For this report, we focused on cloud-native data protection tools and did not include on-premises vendors previously covered in GigaOm’s Radar reports on hybrid cloud data protection (HCDP) for SMBs and large enterprises. Among the criteria for inclusion, we looked at both SaaS and pure-play software providers built with modern cloud principles (such as microservices or a serverless architecture) and using scalable storage paradigms. We also looked at each solution’s ability to predominantly protect SaaS, hyperscaler-native, and private cloud workloads while not abandoning traditional endpoint and enterprise workloads, ideally in multicloud scenarios. Finally, we also looked at solutions that offer seamless, cloud-like consumption models, offering pay-as-you-grow economics coupled with elastic scalability.
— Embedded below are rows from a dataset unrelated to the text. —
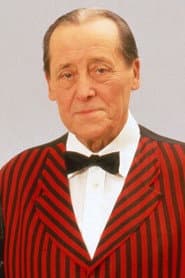 Photo of Martin Jente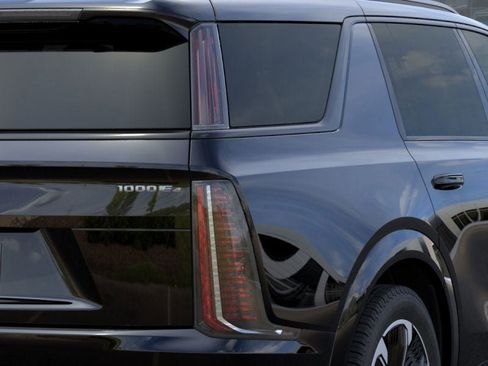 New 2026 Cadillac Escalade IQL Sport 2 AWD/4WD image 35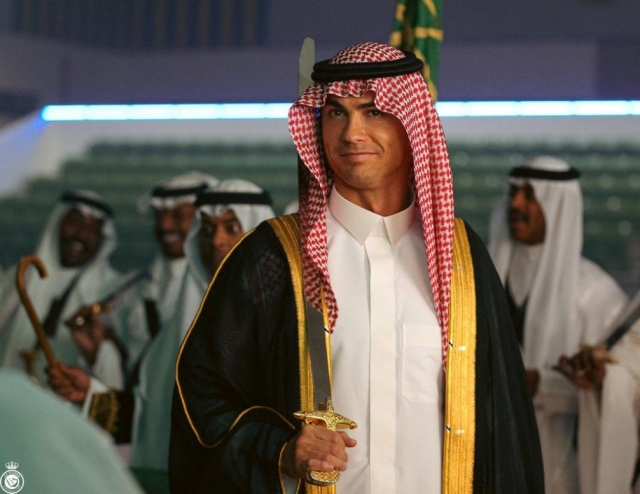 Các quốc gia Trung Đông có nền văn hoá độc đáo.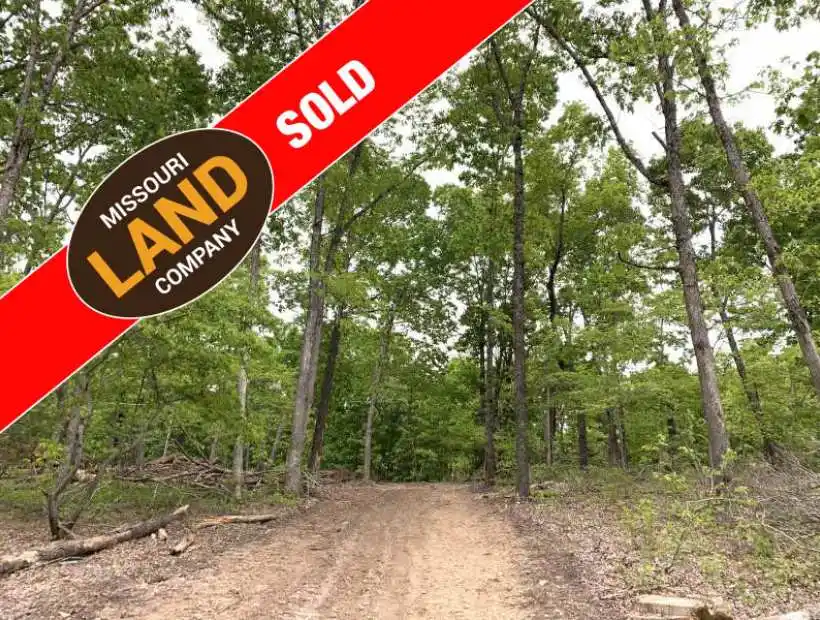 Tba Kroenke Trail, Lincoln, Missouri 65338, ,Recreational,Sold,Kroenke Trail ,5099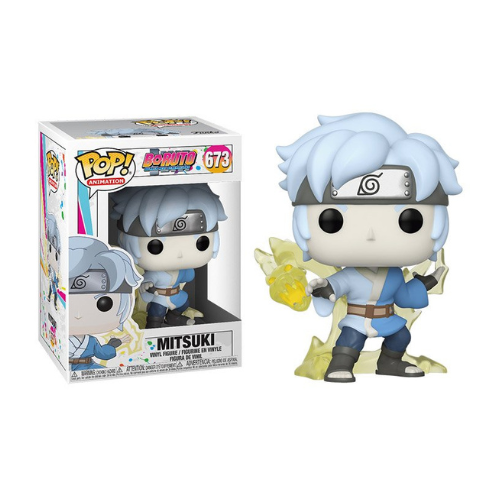 Funko POP! Animation: Boruto - Mitsuki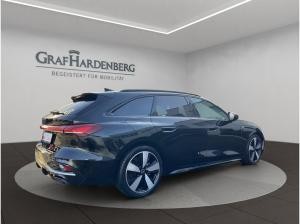 Audi A5 Avant 2.0TFSI qu. S line / SOFORT VERFÜGBAR !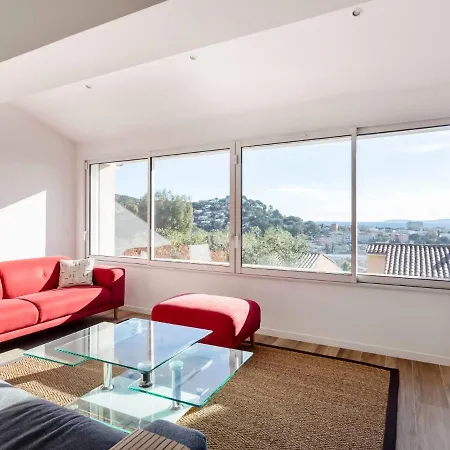 Gazanias By Interhome 봄레미모사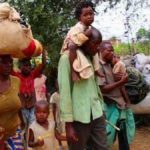 le territoire de Kalehe au Sud-Kivu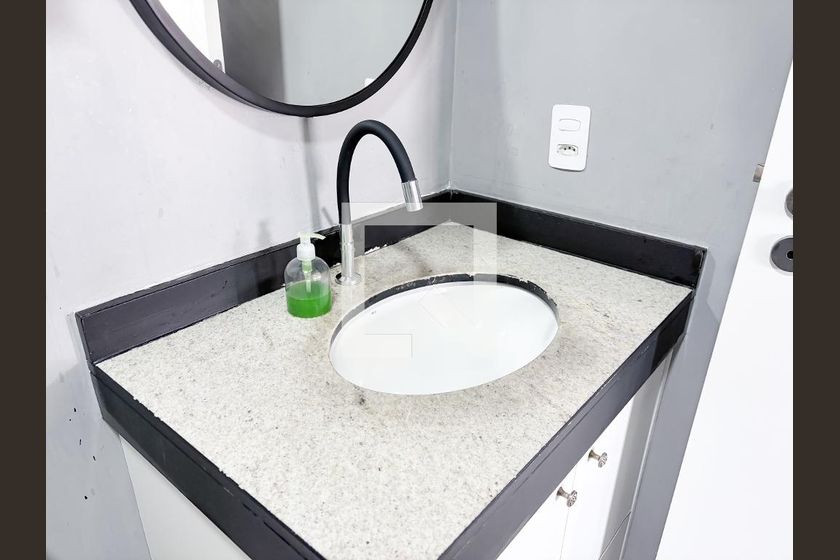 Apartamento, 2 quartos, 50 m² - Foto 41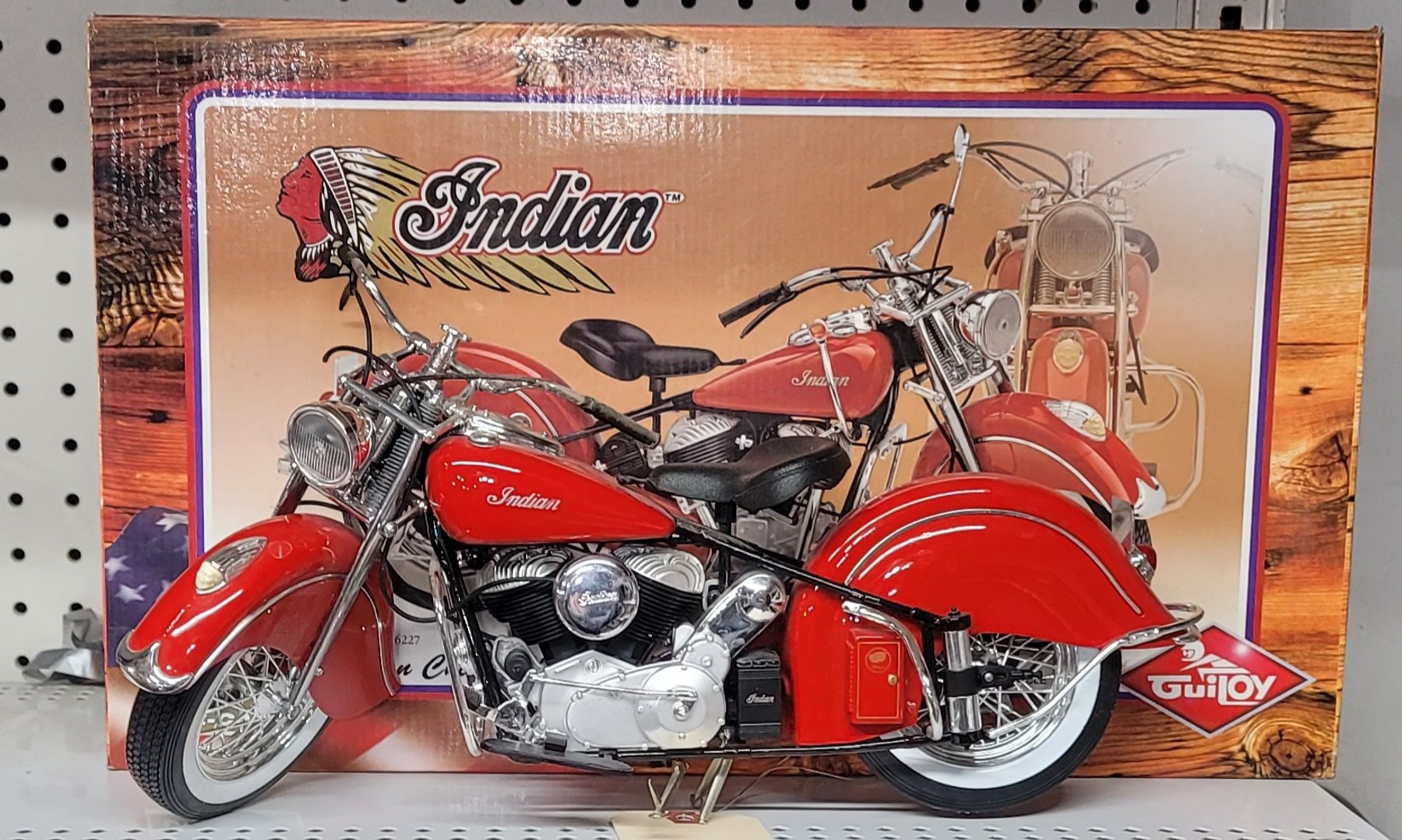 Image for Outstanding Collectibles Online Auction: Lionel Trains, Video Games, Harley Davidson, Hot Wheels & More - Boyertown, PA 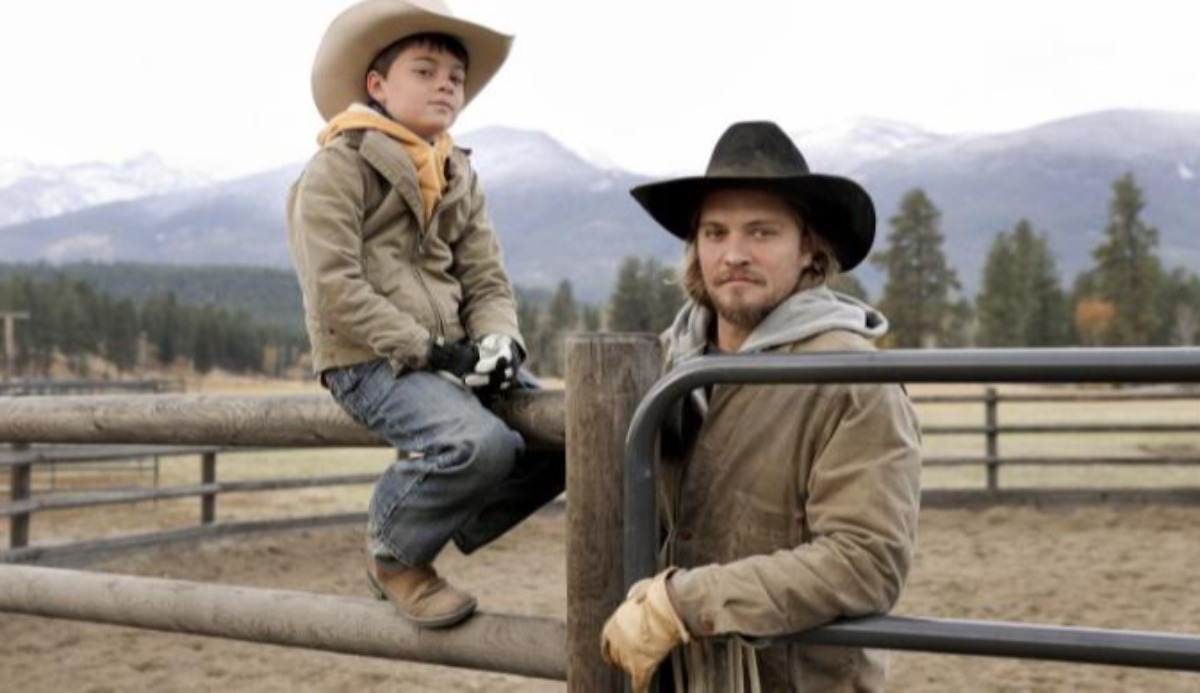 Quiz: Which Yellowstone Character Are You? Season 5 Update 9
This is the second year that GigaOm has reported on the cloud-native data protection space in the context of our Sonar reports. This report builds on our previous analysis and considers how the market has evolved over the last year.
This GigaOm Sonar report provides an overview of the market’s vendors and their available offerings, outlines the key characteristics that prospective buyers should consider when evaluating solutions, and equips IT decision-makers with the information they need to select the best solution for their business and use case requirements.
ABOUT THE GIGAOM SONAR REPORT
This GigaOm report focuses on emerging technologies and market segments. It helps organizations of all sizes to understand a new technology, its strengths and its weaknesses, and how it can fit into the overall IT strategy. The report is organized into five sections:
- Overview: An overview of the technology, its major benefits, and possible use cases, as well as an exploration of product implementations already available in the market.
- Considerations for Adoption: An analysis of the potential risks and benefits of introducing products based on this technology in an enterprise IT scenario. We look at table stakes and key differentiating features, as well as considerations for how to integrate the new product into the existing environment.
- GigaOm Sonar Chart: A graphical representation of the market and its most important players, focused on their value proposition and their roadmap for the future.
- Vendor Insights: A breakdown of each vendor’s offering in the sector, scored across key characteristics for enterprise adoption.
- Near-Term Roadmap: 12- to 18-month forecast of the future development of the technology, its ecosystem, and major players in this market segment.